(Records from a collection)
★ ★ ★

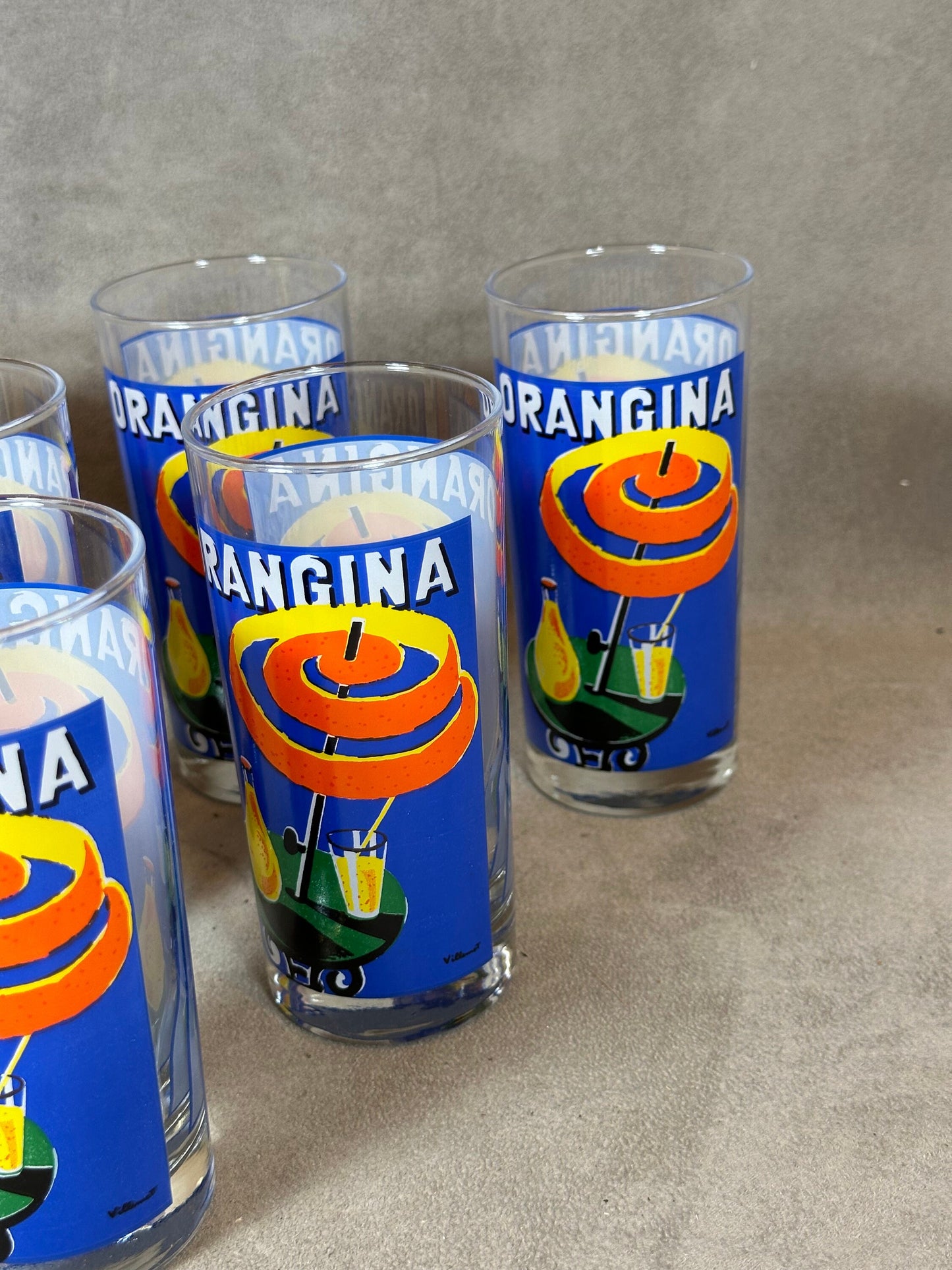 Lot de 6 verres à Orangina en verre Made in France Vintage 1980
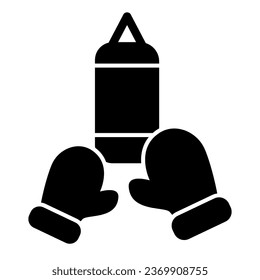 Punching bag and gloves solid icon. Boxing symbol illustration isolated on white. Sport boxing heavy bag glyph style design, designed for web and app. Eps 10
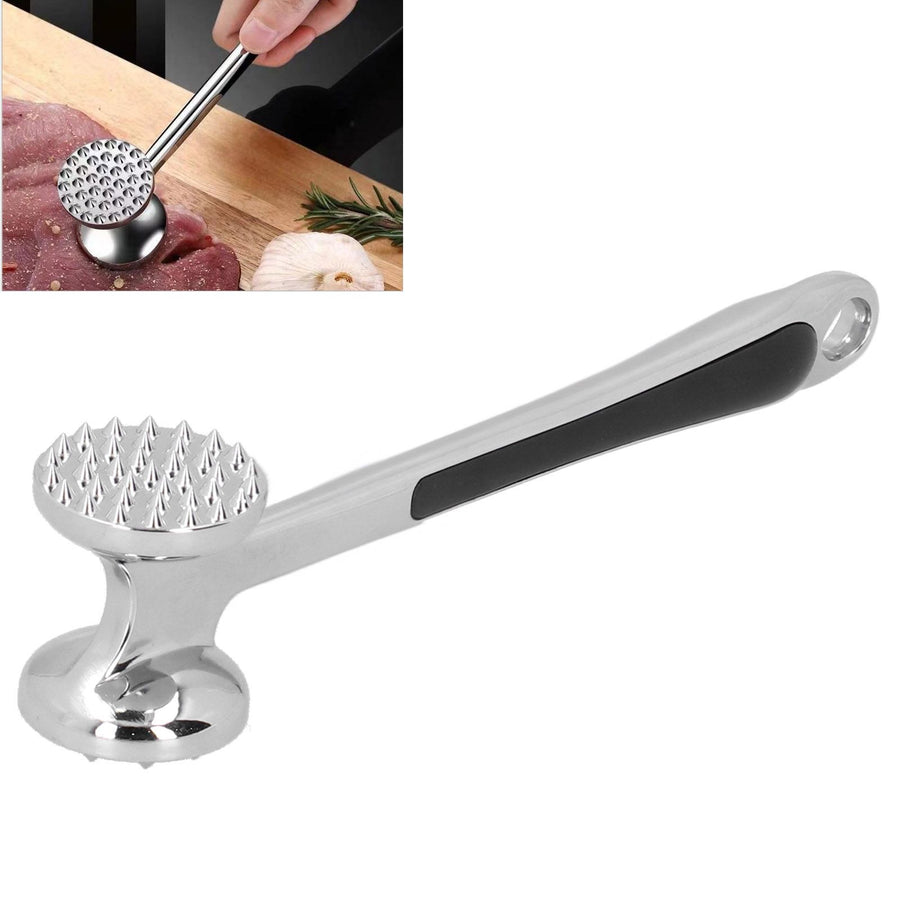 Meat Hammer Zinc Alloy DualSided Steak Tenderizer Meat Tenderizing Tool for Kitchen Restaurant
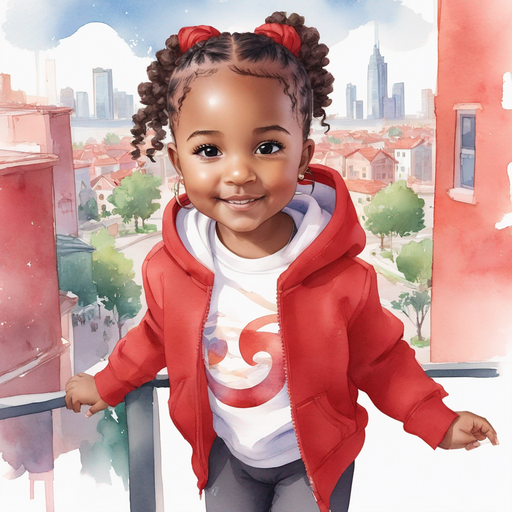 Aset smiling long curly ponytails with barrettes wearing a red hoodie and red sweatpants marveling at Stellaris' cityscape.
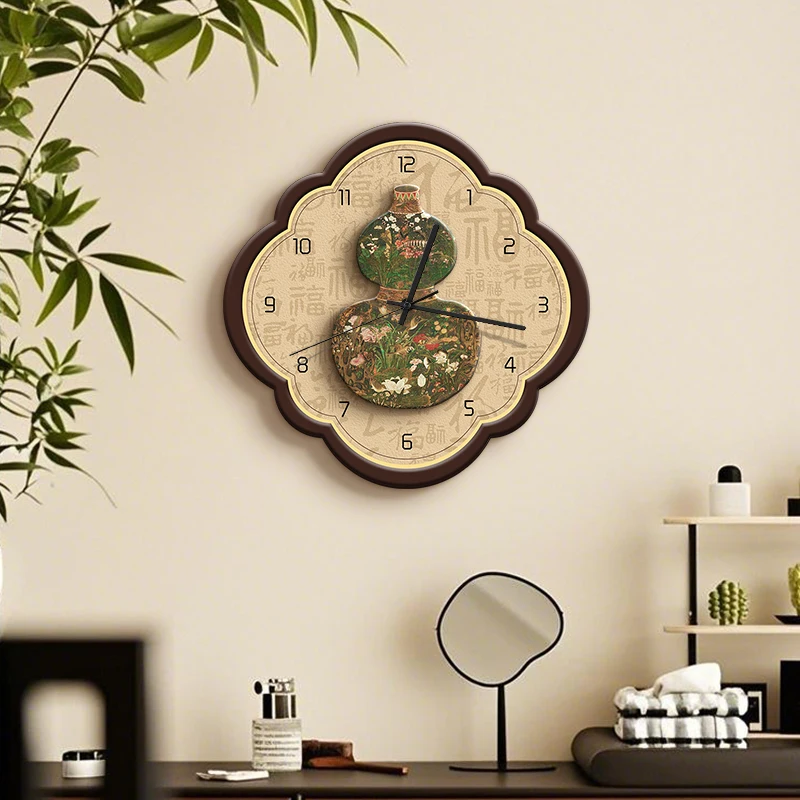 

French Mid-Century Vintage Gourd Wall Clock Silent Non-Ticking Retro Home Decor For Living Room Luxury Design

★ ★ ★

### Action item
Only the lines from where the data begins to the line with "Aset smiling long", both of them included, should be reproduced word for word; no pictures.

### Answer
 Lot de 6 verres à Orangina en verre Made in France Vintage 1980
 Punching bag and gloves solid icon. Boxing symbol illustration isolated on white. Sport boxing heavy bag glyph style design, designed for web and app. Eps 10
 Meat Hammer Zinc Alloy DualSided Steak Tenderizer Meat Tenderizing Tool for Kitchen Restaurant
 Aset smiling long curly ponytails with barrettes wearing a red hoodie and red sweatpants marveling at Stellaris' cityscape.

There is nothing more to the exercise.